Marcela Morán, delegada de ATE, relata cómo en el 2013 “la Policía entró por atrás violando candados con el único objetivo de terminar con un taller protegido, utilizando balas de goma y gas lacrimógeno. Queremos que la memoria siga viva. Repudiamos estos hechos y pedimos justicia, pues los que realizaron este hecho fueron liberados y dos de los compañeros heridos están hasta ahora procesados”.

“Hace cuatro años atrás, había un negocio inmobiliario gigantesco (la construcción del centro cívico) que en ese momento lo pudimos frenar”, expresó Gustavo Fernández, Secretario de la Junta Interna de Delegados de ATE.  Son tres los pedidos principales que ATE le hace al Estado: Por un lado, el encarcelamiento de los responsables que incluye desde Macri (Jefe de Gobierno CABA 2013), Vidal, Rodríguez Larreta, Montenegro, Chaín, Rebaud hasta los jefes de la entonces policía metropolitana. En segunda instancia, la reconstrucción del taller protegido intrahospitalario 19 en el lugar que funcionaba. Y por último,  la absolución de los compañeros detenidos.

La reconstrucción del Taller 19

“Queremos que el taller 19 se reconstruya. Acondicionaron otro lugar, pero que no es lo mismo. En los talleres se hacen la parte inmobiliaria como camas para el hospital. Una tarea de rehabilitación que trabajaba con los pacientes para que puedan ser insertos en la sociedad con un oficio aprendido para trabajar”, mencionó Morán.

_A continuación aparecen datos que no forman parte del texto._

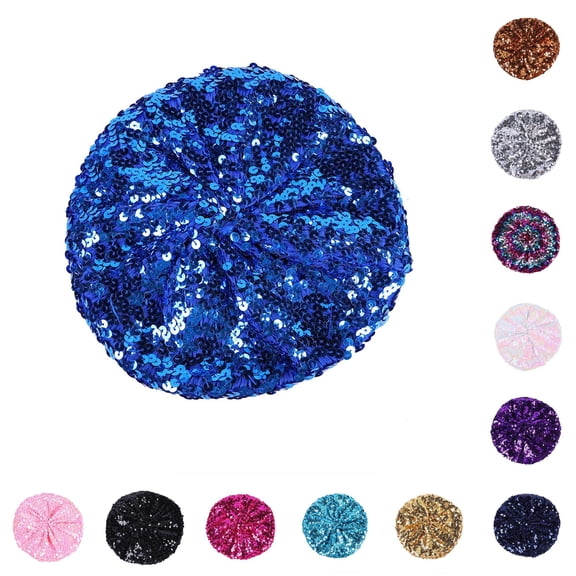 Women's Sequin Beret Colorful Sparkly Hat for Nightclub and Parties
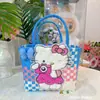 Bolsa Tejida Hecha a Mano de Gatito Gran Capacidad Cesta de Verduras DIY Bolsa de Playa Bolso de Mano Souvenir Bolso Casual Viaje
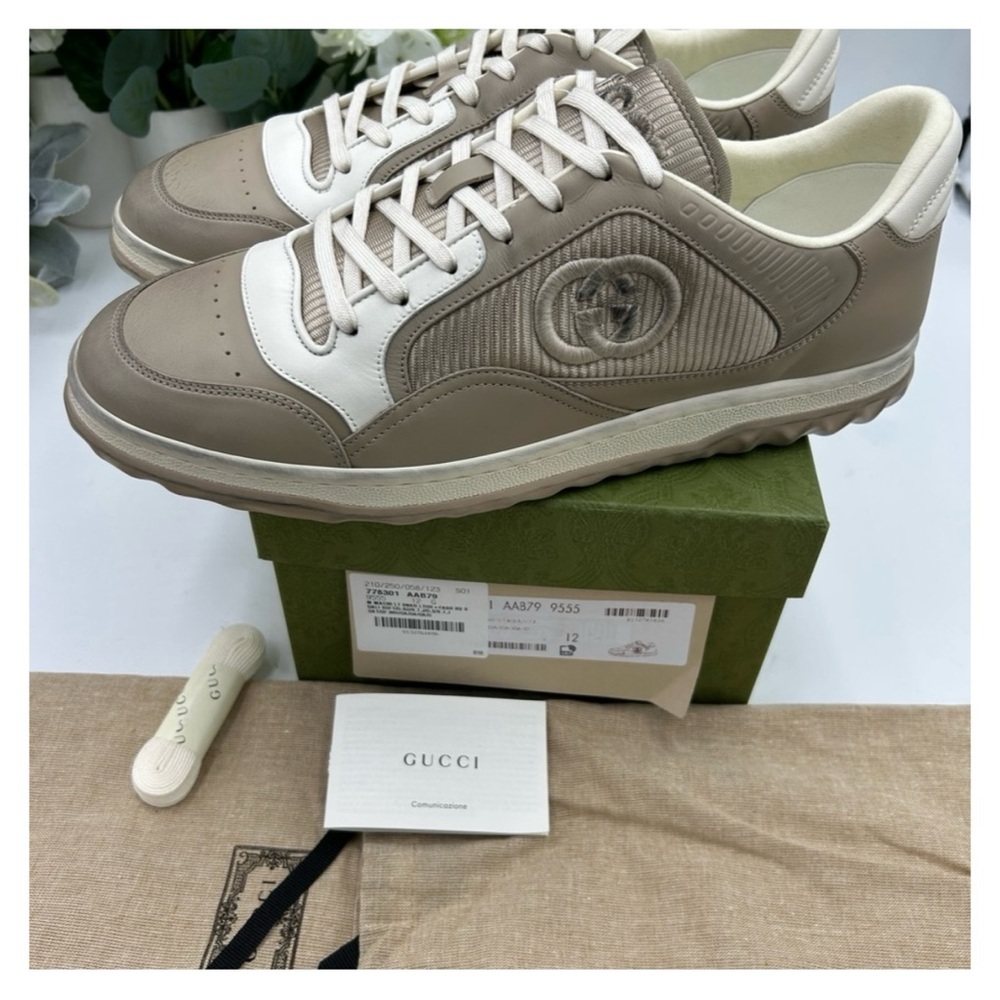 Gucci Mac 80 Dune beige low top sneakers size 12 made in Italy - Picture 7 of 8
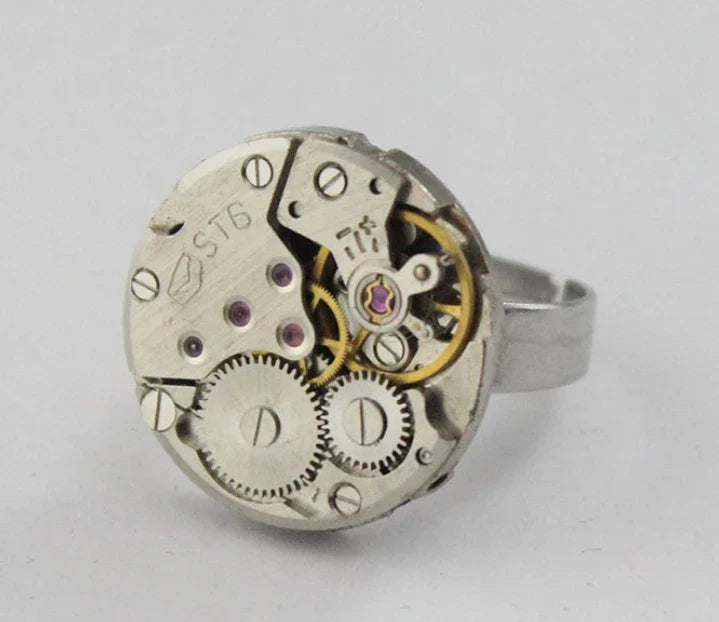 STEAMPUNK WATCH RING (ADJUSTABLE) - Concordia Style Boutique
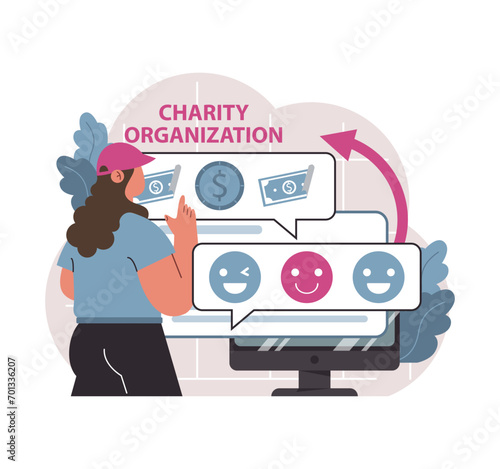 Online charity and charitable foundation. Web service to help people in need. Humanitarian aid, donations, volunteers or non-governmental, nonprofit organizations support. Flat vector illustration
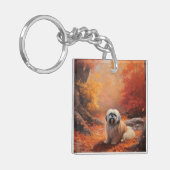 Lhasa Apso im Herbst Leaves Fall Inspiriert Schlüsselanhänger (Vorderseite links)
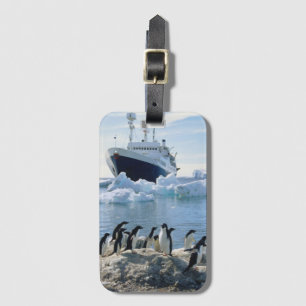 A Group Of Penguins Standing On An Icy Beach Luggage Tag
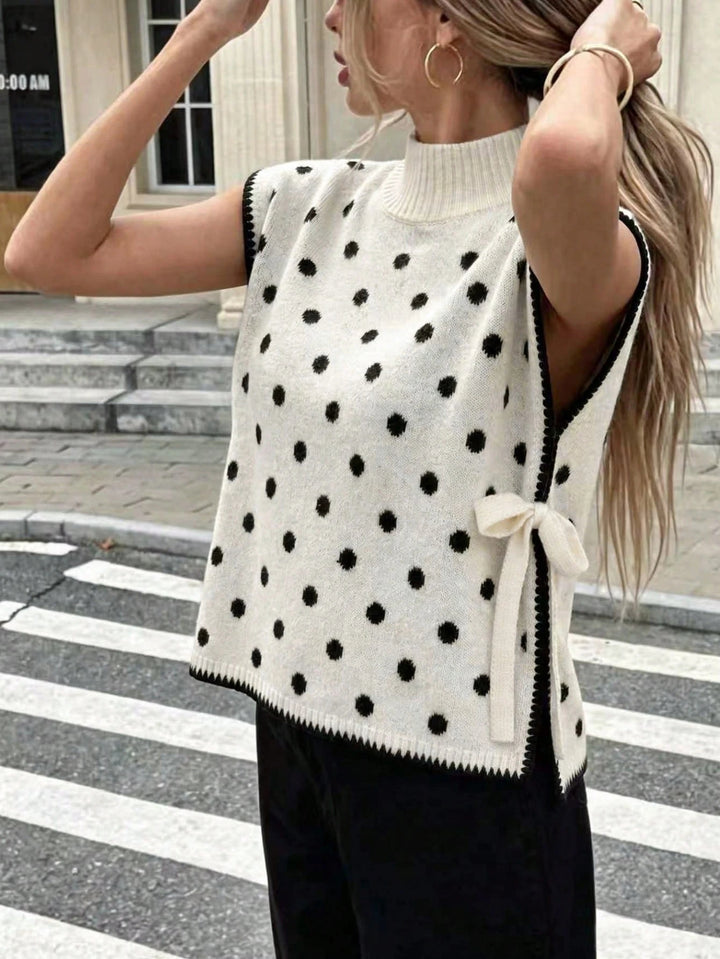 Polka Dot Bow Detail Knit Vest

“Ni centro cívico ni alcaldía”

Cuatro años después, la historia de la represión en el Borda podría repetirse. La instalación de una cárcel en donde funcionaba la Unidad Penitenciaria Nº 20 es uno de los objetivos del actual Gobierno de la Ciudad.

“Ese negocio inmobiliario ahora tiene el respaldo del Gobierno Nacional y buscan avanzar tratando de instalar una alcaldía en donde funcionaba la Unidad 20, que era un centro penitenciario pero para presos con problemas mentales. Había relación entre la casa de salud y los internos de la ‘20’. Igual estábamos en contra de que funcione aquí la unidad ‘20’, que se cerró en el 2012, por problemas particulares y de trato hacia los internos. Ahora se intenta trasladar la alcaldía que funcionaba en los tribunales federales hasta este espacio”, indicó Fernández.

Como Comisión Interna de ATE Capital, Delegados del Borda, del Hospital Moyano, entre otros allegados, el Secretario de Delegados ATE insistió en que el edificio de la ex unidad 20 debe ser utilizado y acondicionado como un área más del hospital y para actividades que tengan que ver con la salud. “Como dije antes, hay un negocio inmobiliario con mucha plata de por medio. Además no hay formas de diálogo con el Gobierno de la ciudad. No nos reciben o están tratando de negociar con otros sindicatos. Nuestra postura también es la de resistir para frenar este proyecto de instauración de una cárcel penitenciaria”, afirmó el delegado.

Para Fernández, lo que pasó en el 2013 fue un hecho que marcó un punto de partida en la resistencia de la salud hacia un modelo neoliberal y espera que lo acontecido hace cuatro años, que dejó un saldo de 40 heridos y casi diez detenidos, no vuelva a ocurrir. En ATE se respira la confianza de que actualmente has más compañeros que se van uniendo en esta lucha. El lema con el que se convocó a la asamblea fue: “la impunidad de ayer es la continuidad de la represión de hoy”.